The IGD is to bring back its Feeding Britain’s Future campaign, after warning the UK is facing a looming workforce crisis, despite growing youth unemployment.

It is issuing a rallying cry for “co-ordinated industry action” to tackle the skills gap which it said risked affecting future availability, customer service and wider social outcomes.

Feeding Britain’s Future was first launched in 2012 and provided skills training to tens of thousands of school students as well as highlighting food and grocery careers across retail and manufacturing.

The IGD said a launch will follow later this year, but added it was a crucial time for industry to start having conversations and engaging with the IGD about the programme and how to get involved.

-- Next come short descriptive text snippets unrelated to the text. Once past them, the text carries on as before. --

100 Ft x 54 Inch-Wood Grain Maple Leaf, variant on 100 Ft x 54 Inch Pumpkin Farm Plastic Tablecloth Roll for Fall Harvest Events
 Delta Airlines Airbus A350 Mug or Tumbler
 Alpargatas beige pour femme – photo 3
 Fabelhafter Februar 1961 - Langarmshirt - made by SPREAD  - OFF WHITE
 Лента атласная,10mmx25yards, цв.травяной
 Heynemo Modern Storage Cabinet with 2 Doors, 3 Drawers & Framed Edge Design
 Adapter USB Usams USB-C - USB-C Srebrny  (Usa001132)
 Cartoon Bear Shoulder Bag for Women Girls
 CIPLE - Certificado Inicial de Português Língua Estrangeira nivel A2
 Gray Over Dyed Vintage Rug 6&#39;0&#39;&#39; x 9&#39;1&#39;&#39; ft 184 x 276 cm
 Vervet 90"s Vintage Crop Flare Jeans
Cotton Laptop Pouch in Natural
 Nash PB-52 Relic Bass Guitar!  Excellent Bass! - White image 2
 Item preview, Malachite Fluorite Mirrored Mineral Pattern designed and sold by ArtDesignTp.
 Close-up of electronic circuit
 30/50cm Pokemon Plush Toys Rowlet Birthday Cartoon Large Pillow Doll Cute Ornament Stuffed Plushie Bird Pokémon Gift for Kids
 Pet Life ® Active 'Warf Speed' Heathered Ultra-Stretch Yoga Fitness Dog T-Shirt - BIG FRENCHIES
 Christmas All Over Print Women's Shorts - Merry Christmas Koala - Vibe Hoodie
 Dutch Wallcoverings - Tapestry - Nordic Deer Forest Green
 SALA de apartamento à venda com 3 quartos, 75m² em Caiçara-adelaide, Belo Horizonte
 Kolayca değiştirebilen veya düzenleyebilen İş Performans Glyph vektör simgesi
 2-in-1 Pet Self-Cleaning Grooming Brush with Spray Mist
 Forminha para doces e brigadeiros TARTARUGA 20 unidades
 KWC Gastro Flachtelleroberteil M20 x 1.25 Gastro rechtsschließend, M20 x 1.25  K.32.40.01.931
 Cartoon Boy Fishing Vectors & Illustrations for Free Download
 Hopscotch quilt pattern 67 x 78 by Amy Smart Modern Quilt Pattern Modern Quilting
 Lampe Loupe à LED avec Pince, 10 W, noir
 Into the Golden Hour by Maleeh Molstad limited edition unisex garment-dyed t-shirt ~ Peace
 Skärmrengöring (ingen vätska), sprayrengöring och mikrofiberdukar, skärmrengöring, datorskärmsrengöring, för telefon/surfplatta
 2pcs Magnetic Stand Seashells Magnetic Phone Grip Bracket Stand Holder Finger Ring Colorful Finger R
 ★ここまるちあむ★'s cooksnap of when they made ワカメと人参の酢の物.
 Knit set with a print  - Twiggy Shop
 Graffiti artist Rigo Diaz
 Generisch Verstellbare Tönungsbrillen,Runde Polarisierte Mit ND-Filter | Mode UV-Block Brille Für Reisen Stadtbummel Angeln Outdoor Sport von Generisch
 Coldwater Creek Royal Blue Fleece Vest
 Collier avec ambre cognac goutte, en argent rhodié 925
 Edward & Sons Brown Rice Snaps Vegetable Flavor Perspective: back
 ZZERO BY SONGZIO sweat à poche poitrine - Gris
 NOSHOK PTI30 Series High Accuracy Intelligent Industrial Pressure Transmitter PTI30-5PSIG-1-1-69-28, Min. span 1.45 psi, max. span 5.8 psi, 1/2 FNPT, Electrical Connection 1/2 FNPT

The renewed approach will focus on interventions designed to strengthen the industry’s talent pipeline and support employers to attract, retain and develop essential skills.

It will include providing free, cross-industry early-career learning, a national schools programme to build skills, and a marketing campaign to increase the visibility of food sector careers across widely used platforms and digital channels.

There will also be new strategic university partnerships to raise the profile of food and drink careers.

The return of Feeding Britian’s Future comes with a new report showing that whilst the sector employs 4.1 million people, which is one in every eight UK workers, ongoing labour and skills shortages are showing “little sign of improvement”.

One in eight young adults are not in education, training or employment, and food and drink businesses are struggling to fill essential roles, with unemployment having risen by 652,000 since 2022, while economic inactivity exceeds nine million, revealing what the IGD said were deep structural weaknesses.

“This quiet crisis has been building for years, but the pressure is intensifying and will reach a crisis point without a meaningful shift in approach,” said IGD social impact director Naomi Kissman. 

“Our analysis shows this is a structural challenge, bigger than any one business, and it requires industry and government working together to secure the future of the UK food system.

“At the same time, the UK is facing a growing crisis of youth opportunity. We have a responsibility, as the nation’s largest private sector employer, to give young people the future they deserve, as part of a confident, skilled, future-ready workforce.”

The IGD is also calling for a strengthened government partnership, including a national workforce strategy for food and drink, reform of the Growth and Skills Levy, greater certainty on seasonal and skills-based immigration routes, and improved alignment between Jobcentre support, local skills planning and the needs of the sector.

It warned if the pressures continued unchecked, the consequences would be felt far beyond the workforce itself in product availability, operational service levels and cost pressures.